PLANS to reduce the 140,000 driving test backlog will move a step closer tomorrow when the first tests conducted by a private company take place.
The private testers will operate from 11 centres around the country, including four in Dublin. SGS, the company which won the contract to conduct the private driving tests, issued appointment letters last month.
The company will conduct 40,000 driving tests over the next 18 months, with the option of undertaking a further 5,000 tests. Transport minister Martin Cullen has declined to say how much the contract is worth, on the grounds that this information is commercially sensitive.
The government has also increased overtime and redeployed four civil servants from the Department of Agriculture as testers, as well as recruiting 11 new testers on two-year contracts. "I expect to see a marked reduction in the waiting list by the end of this year, " Cullen said.

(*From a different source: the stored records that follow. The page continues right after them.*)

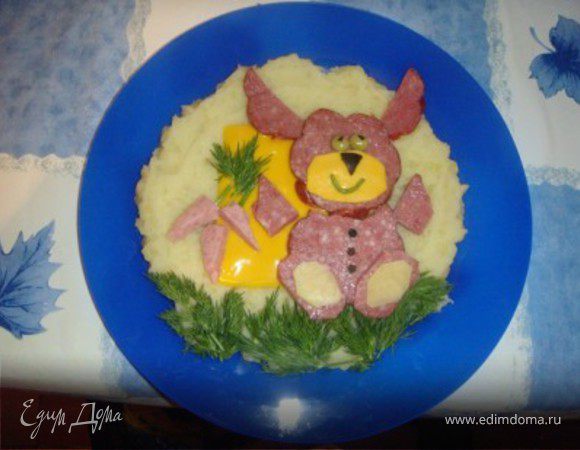 Положить картофель в большую кастрюлю с соленой водой. Накрыть кастрюлю крышкой, довести до кипения и варить, пока картофель не станет мягким, около 20-25 мин. Слить картошку, вернуть в кастрюлю и сделать пюре давилкой для картофеля. Растопить масло с молоком в маленькой кастрюльке. Положить плавленный сыр. Перелить в пюре. Деревянной ложкой взбивать пару минут. Разогреть, если необходимо, и приправить солью и перцем. Теперь украшаем как на картинке! Приятного аппетита!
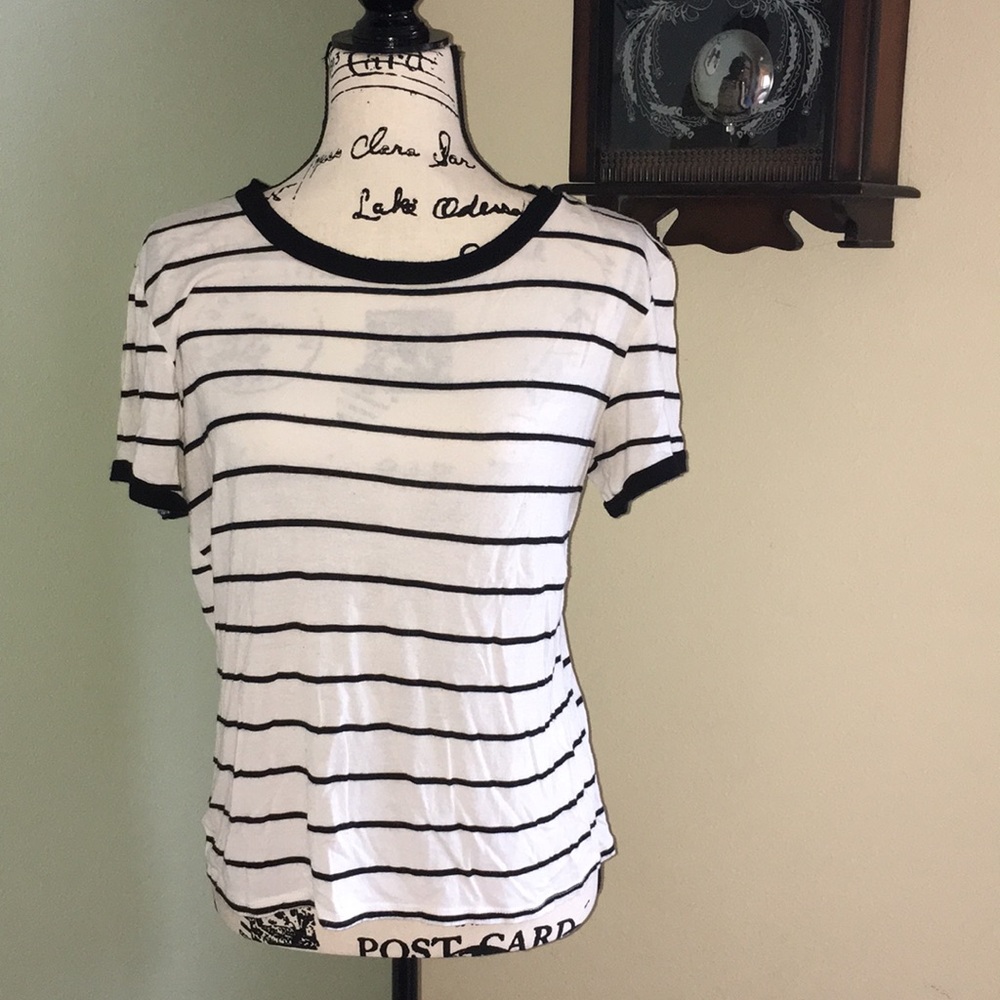 Women’s T shirt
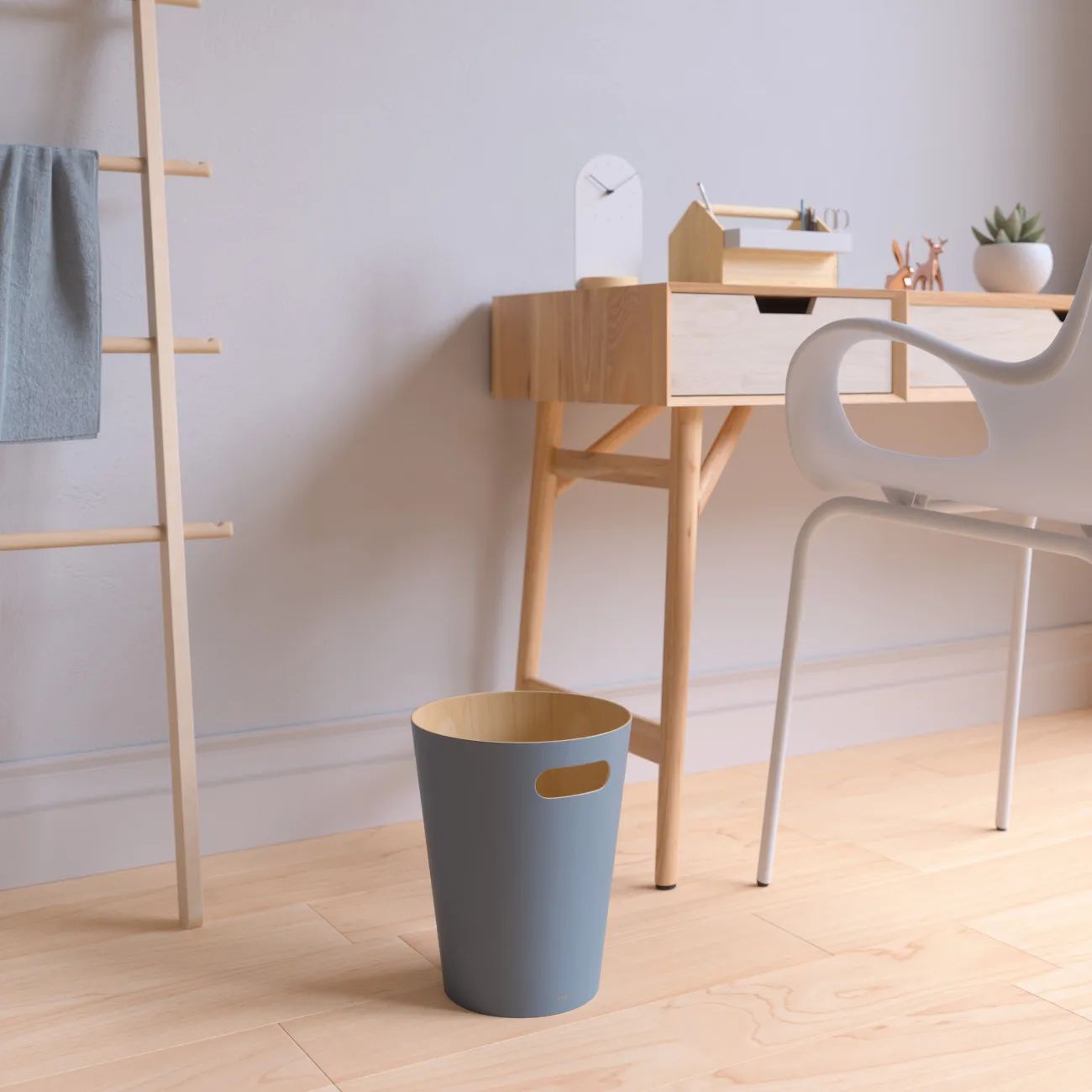 Umbra Spande uden pedal Woodrow Papirkurv i blå, 3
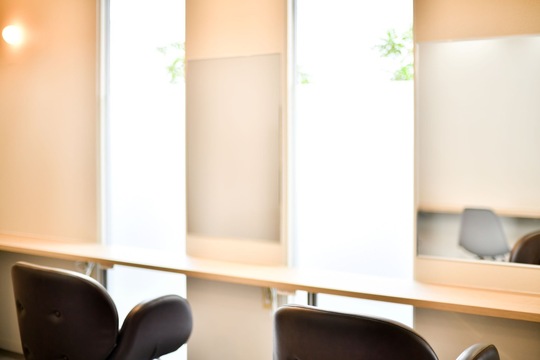 【庄内】≪社会保険完備／19時過ぎに退勤可能／土日休みも相談可能≫地域の方に愛され癒しサロン。のびのび働けてお休みの融通も聞いてもらえます！ブランクのあるママさん美容師も大歓迎！「ten colors（テンカラーズ）」からスタイリスト（美容師）の求人☆★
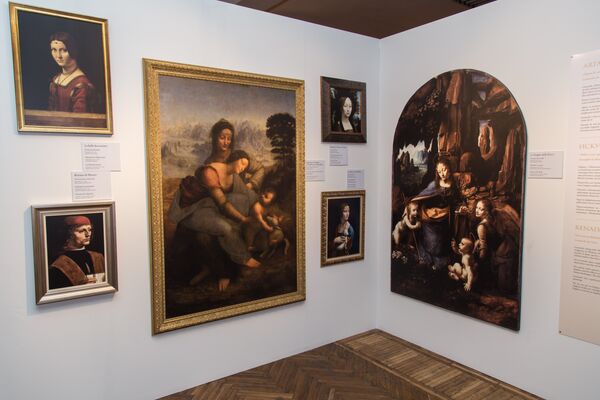 На выставке также представлены репродукции лучших картин Леонардо. - Sputnik Молдова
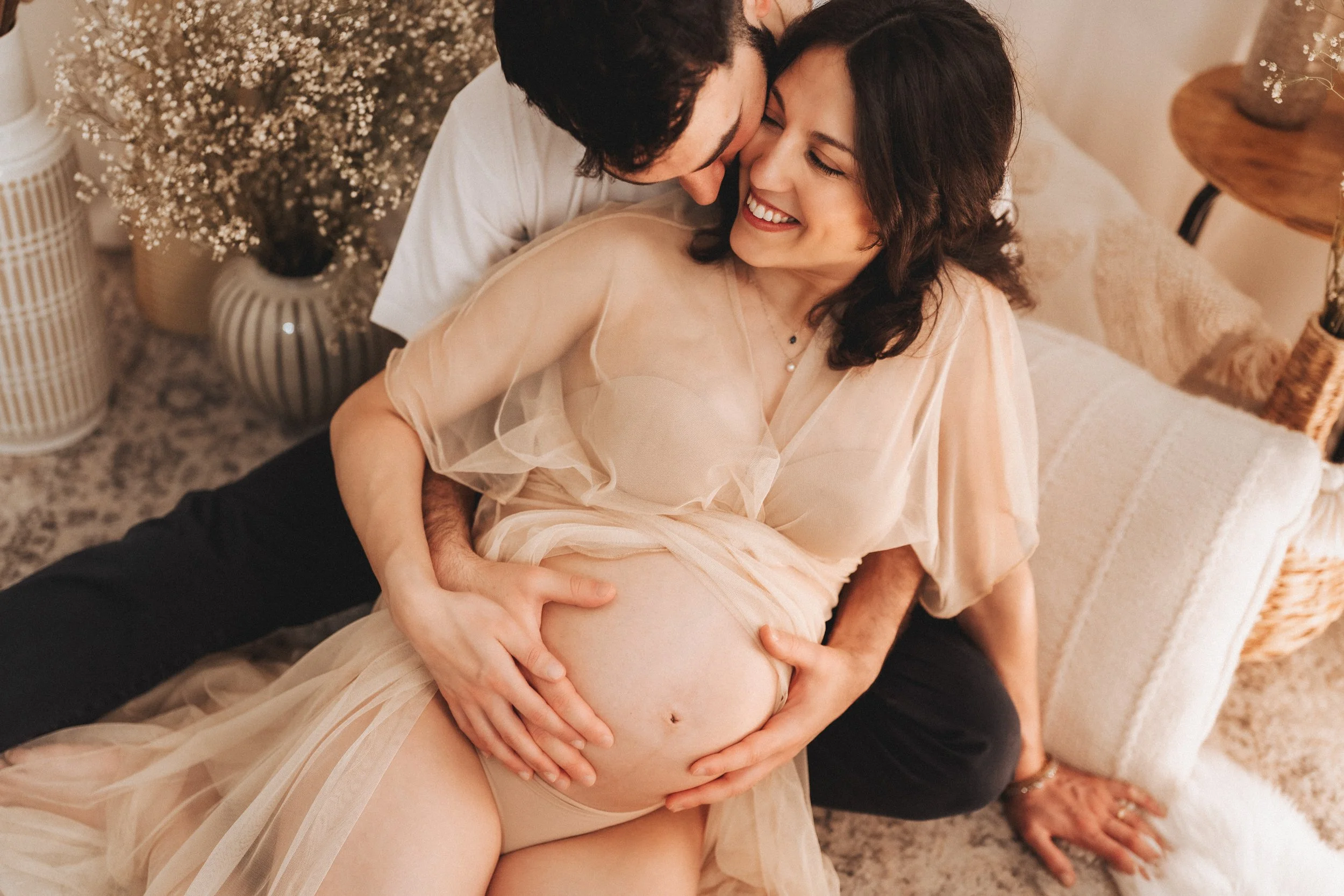 Coppia in attesa durante servizio fotografico gravidanza a Prato.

The transport minister predicted that by mid-2007 the waiting list for driver tests will be no more than 50,000 with a 10 to 12 week waiting period for test appointments. However, Labour party transport spokeswoman Roisin Shortall said the target will not be met. "There will be an immediate once-off improvement but what the minister hasn't included in his figures are the 270,000 people who are driving on provisional licenses.
He's proposing to end the arrangement whereby these people can drive alone so that will lead to a massive surge in applications for tests, " she said.